Scouting for the Fundy Adventure Rally is one of the bonuses of organizing such an event. In order to come up with a fresh set of routes, I need to be sure to spend a good few many weekends in the trails, exploring this and that and making notes in my ragged copy of Backroad Mapbooks New Brunswick. The resulting scribbles are then worked into various routes of various difficulties and by the end of the summer I (hopefully) have a rally route.
The scouting is the real fun part and although I’ve spent the best part of the last three summers checking out most of the Mapbook trails, there is one area that I had yet to find a way through – The Dunsinane Triangle (my name for it)!
This Triangle is smack bang in the middle of last year’s route and originally scouted back in 2013 and found to be a maze of dead ends and gated trails just to get into it. When we finally did, we were battered by an endless succession of mud holes and then couldn’t find a way out, just as the sun began to set.
Obviously my lifeless body is not part of the Dunsinane Triangle and we did find a way out, but it got a big “There may be dragons” note on my scouting map and I didn’t even bother exploring it again … until this year.
Once again our plans were scuppered when the new trail we were exploring petered out and an alternate entry point had a big “Private Road” sign at its entrance. That was it for my scouting partner Brad and I, the Dunsinane Triangle had won again.
Then enter stage left Charles Landry who kindly offered to come scouting with me. It quickly became apparent that Charles had three things going for him (that I know of anyway):
- A beat up KLR650 (I can relate to that)
- A good knowledge of maps and mapping (handy when scouting)
- A camp right on the edge of the Dunsinane Triangle (and some knowledge of riding in it)
He even sent me a GPS track of a previous route through the Dunsinane Triangle which left me chomping at the bit to try it, until I realized that it exited via the Private Road we’d found the weekend before. Passable if you happen to be riding in a small group and can claim ignorance, but not for a rally with a 100 or so riders.
But it did add one element that I’d been missing, his track and my 2013 ‘failed’ track did meet up, meaning that if we joined the two together, we had a way through. In theory.

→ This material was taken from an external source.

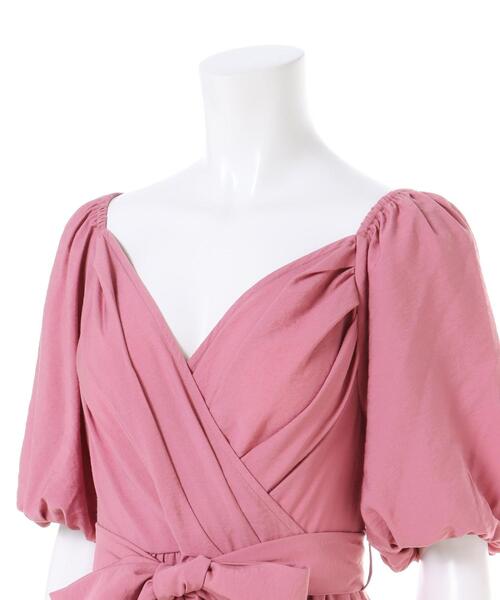 Allamanda（アラマンダ）の「カシュクールリボン付マキシワンピース（ワンピース・レディース・ブラック/ピンク/グレー・M）」の7枚目の写真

Video – Charles gets a beating from a rocky river crossing we found earlier in the day.
The proof is in the pudding, as they say, and the pudding got made, baked and consumed last weekend, but the Dunsinane Triangle doesn’t give up its plums easily. Just before entering my GPS battery died. No worries, I brought spares – they didn’t work. No worries, Charles has spares too. They didn’t work. But Team FAR scouting was prepared as Charles had a smartphone with a downloaded trails map that showed us the way we wanted to go. Garmin be dammed, onwards we go!
Team FAR scouting 1, Dunsinane Triangle 1.
We entered cautiously from the western edge, the trail taking us through a reassuringly charming covered bridge, the welcoming wide gravel road making an A grade for easy rally riding. But this was the welcome mat that covered the man-trap and quickly the trail split up into a bit of maze of alternate routes.
Around this time, it had dawned on me that there may be a story here so I decided to stop and take a photo. Then my camera battery died. This time my spare did work but I was starting to feel a little like I was going somewhere where perhaps I was not supposed to go.
Team FAR scouting 2, Dunsinane Triangle 1.5 (the half point for giving me the willies).
The next deterrent was a bridge out, which at least had a bypass and no deep water to cross but it was also the beginning of (cue dramatic music) THE MUD HOLES! Not your ordinary mud holes mind you, where you can weave around the side. No, these were the full width of the trail mud holes that demand the rider to go right through them … and down into them, because some of them were deeeeep.
Video – ‘Arris thinks this may be the mud hole that takes him and then immediately scorns Charles for his overly dramatic attempt just before (and he wonders why it’s so hard to get scouting partners).
The beauty is that they didn’t last for too long. Just long enough to be an adventure but not a slog, in other words a very possible new C route for the rally. The trail then joined up with Charles’ original route and we headed out on what appeared to be a fast, easy trail. But rider beware, the Dunsinane Triangle does not let you out so easily.
Hidden below the thin grass were ruts and holes big enough to catch your front wheel and throw an unsuspecting rider into the weeds. The temptation to blast through had to be overcome, the rider had to retain their wits, the Dunsinane Triangle may have been tamed, but it still demanded respect.
Team FAR scouting 3, Dunsinane Triangle 2.5.
So did the Dunsinane Triangle make it onto the 2015 Fundy Adventure Rally? You’ll have to wait until September, but you might want to bring a life jacket. Bwahahahahahaaaaaaaaa ….*
*That’s an evil laugh, best bellowed low and with some echo.